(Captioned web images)
########################################
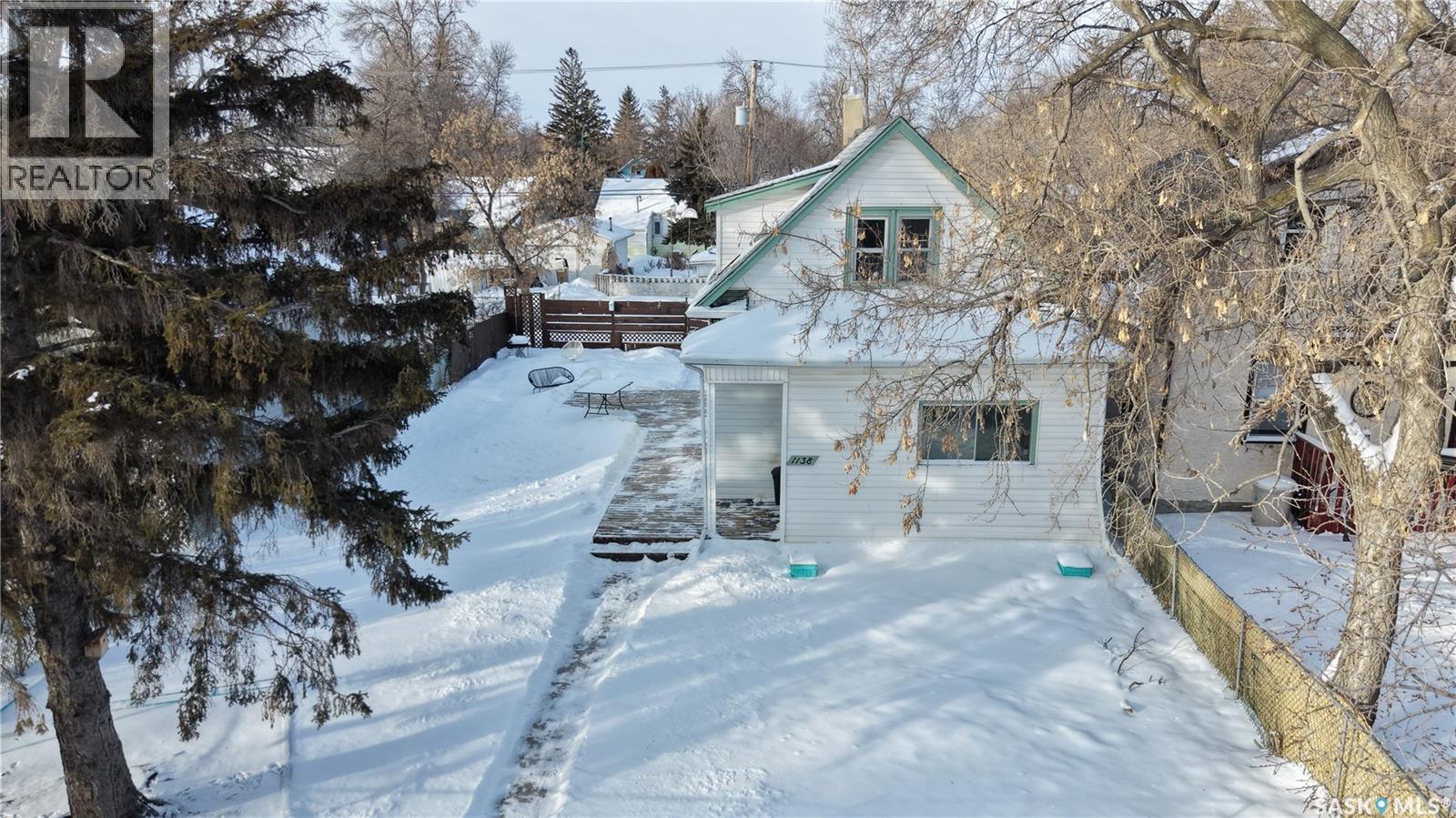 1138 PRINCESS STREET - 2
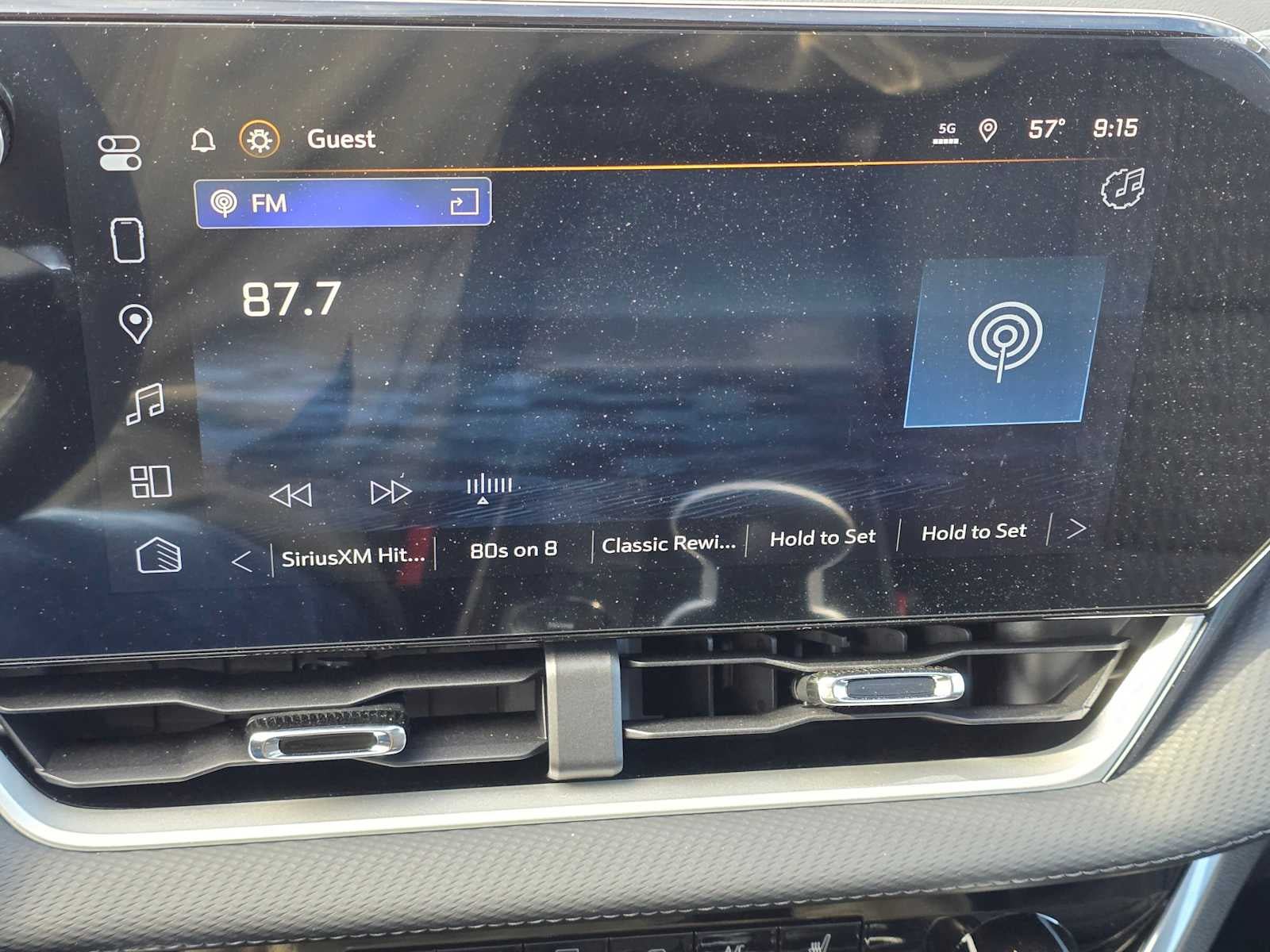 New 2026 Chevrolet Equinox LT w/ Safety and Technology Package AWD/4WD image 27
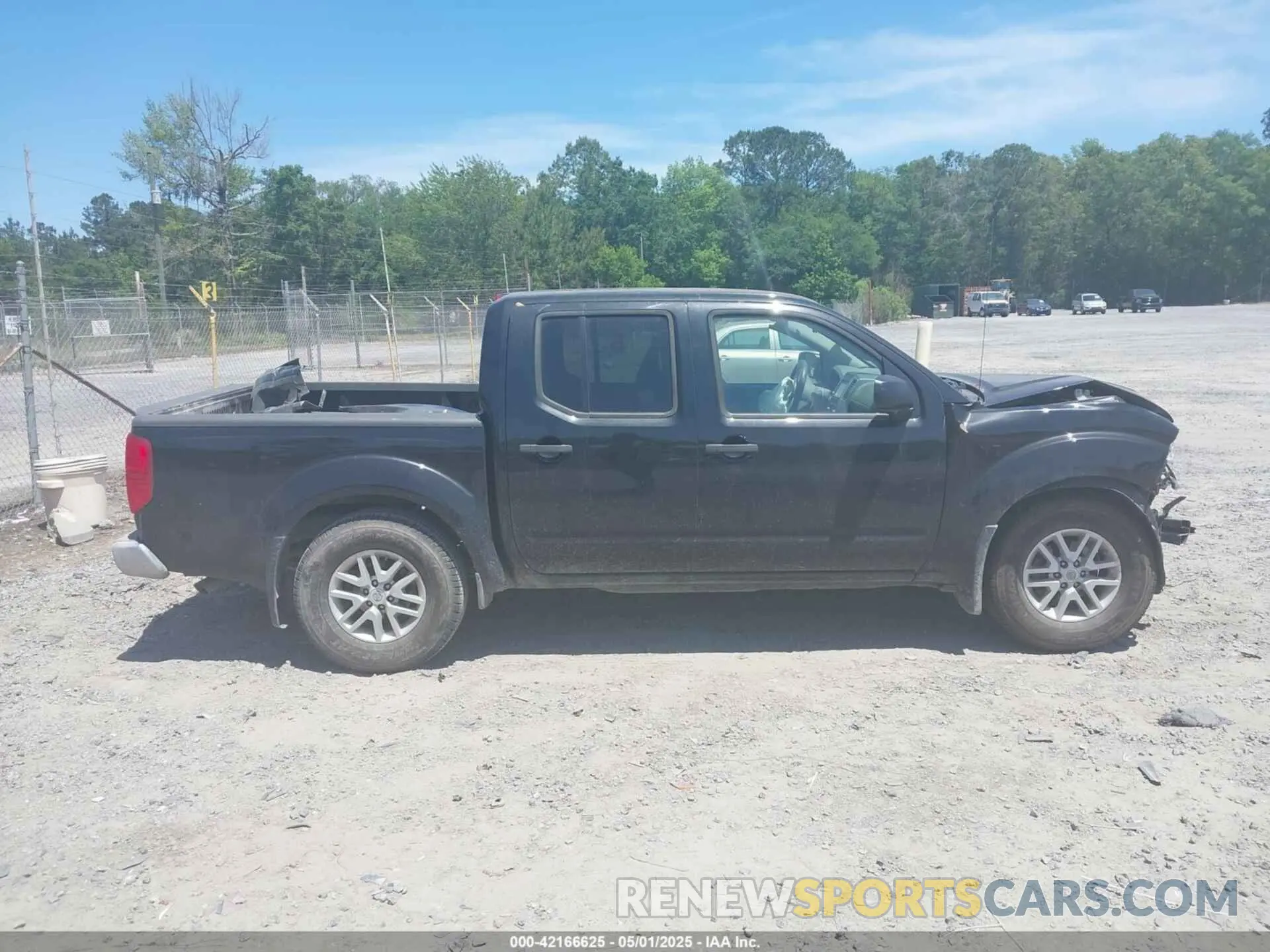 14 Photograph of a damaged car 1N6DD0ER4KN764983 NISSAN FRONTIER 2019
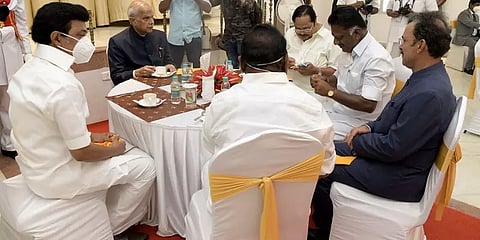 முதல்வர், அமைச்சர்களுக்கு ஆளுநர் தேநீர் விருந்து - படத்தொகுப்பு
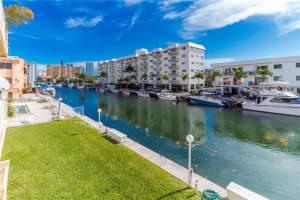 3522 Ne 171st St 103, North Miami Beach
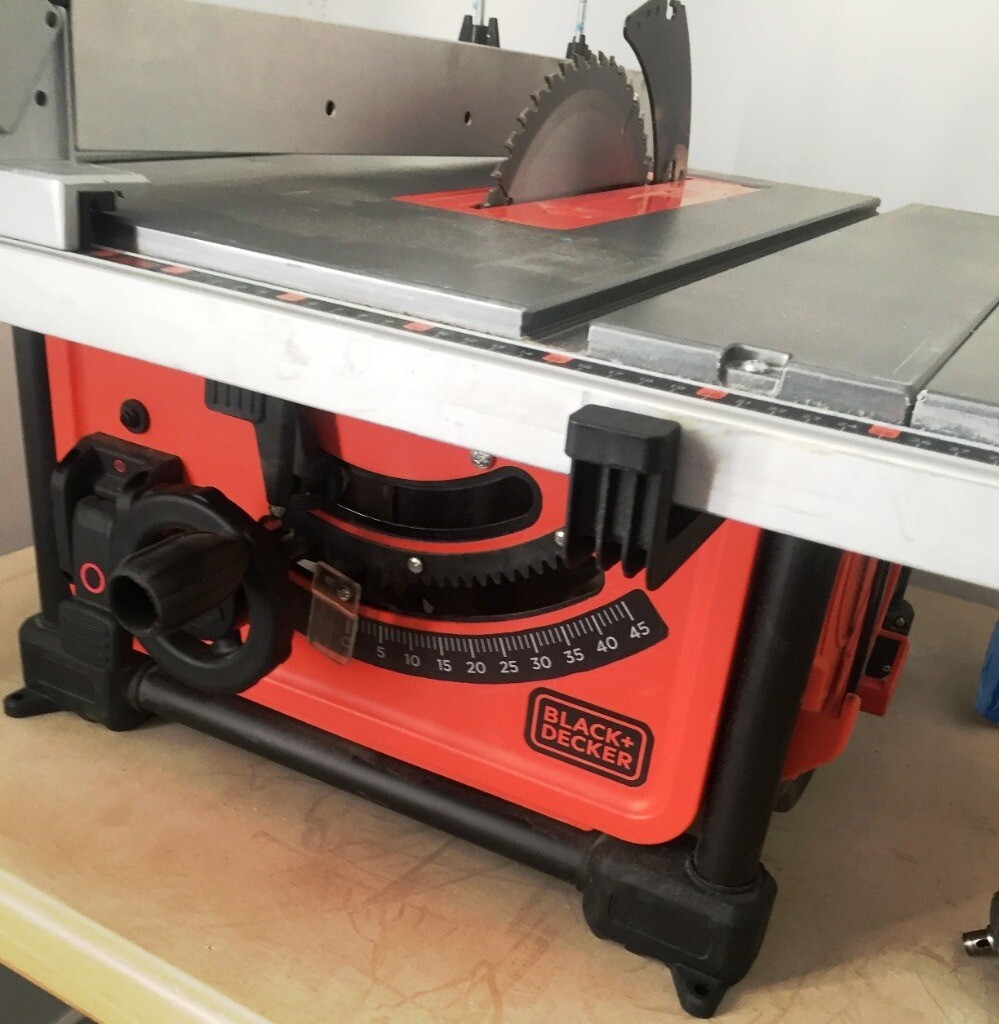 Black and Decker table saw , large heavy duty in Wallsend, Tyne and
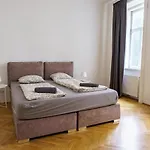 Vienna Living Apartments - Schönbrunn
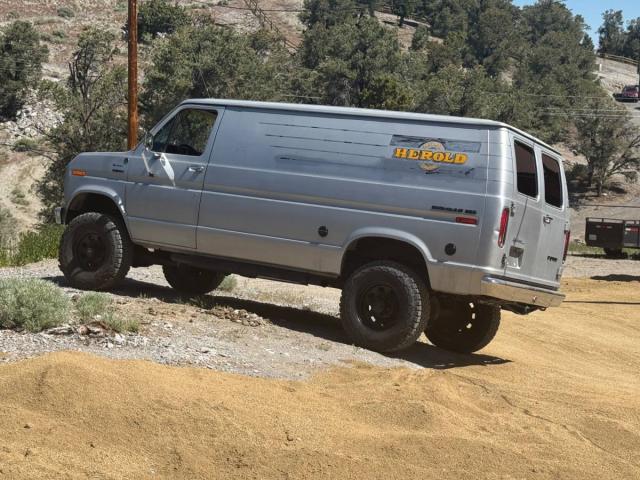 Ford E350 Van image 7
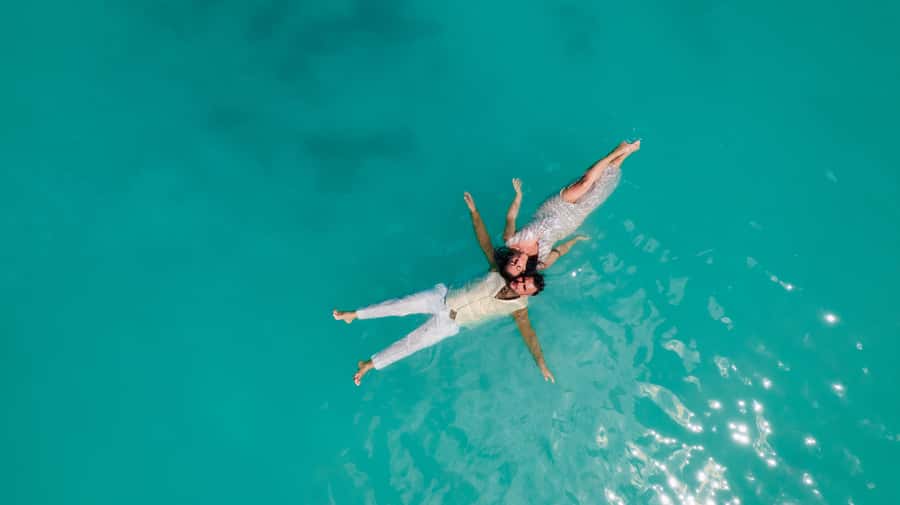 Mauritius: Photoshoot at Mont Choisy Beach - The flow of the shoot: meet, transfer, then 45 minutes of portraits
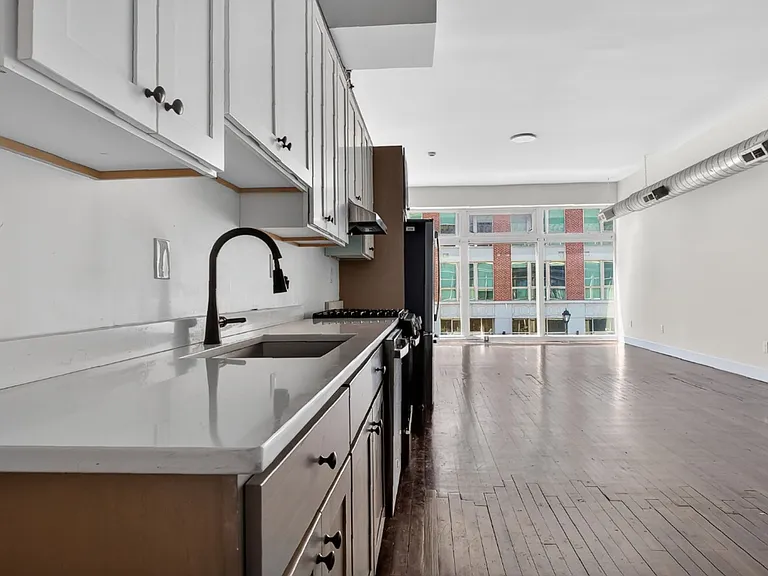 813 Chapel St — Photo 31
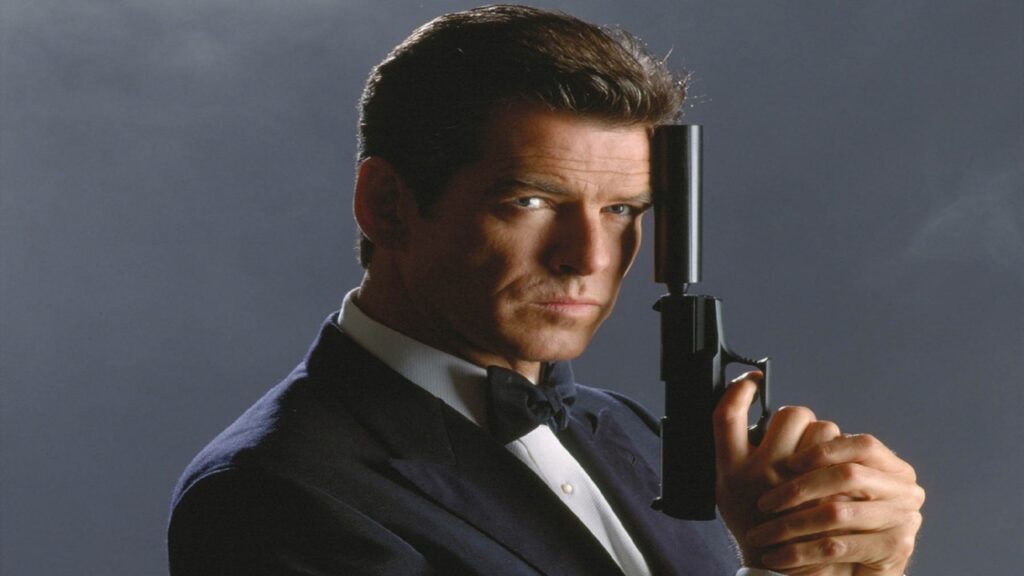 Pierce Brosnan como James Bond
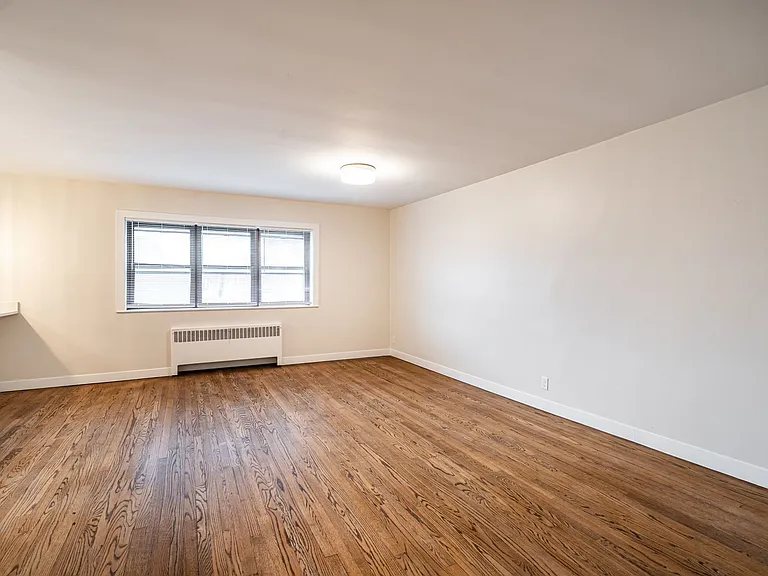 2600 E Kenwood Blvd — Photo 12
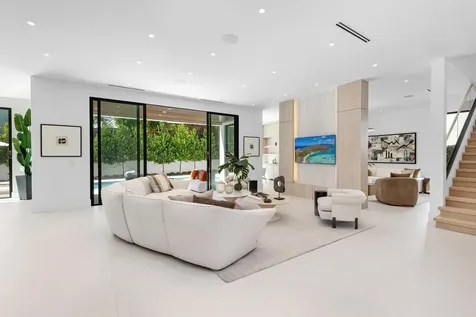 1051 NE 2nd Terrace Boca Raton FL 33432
########################################
#### [The problem]
Look above for the line containing "Vienna Living Apartments - Schönbrunn"; output that line and all lines after it through the last one exactly, without the pictures.

#### [Your response]
 Vienna Living Apartments - Schönbrunn
 Ford E350 Van image 7
 Mauritius: Photoshoot at Mont Choisy Beach - The flow of the shoot: meet, transfer, then 45 minutes of portraits
 813 Chapel St — Photo 31
 Pierce Brosnan como James Bond
 2600 E Kenwood Blvd — Photo 12
 1051 NE 2nd Terrace Boca Raton FL 33432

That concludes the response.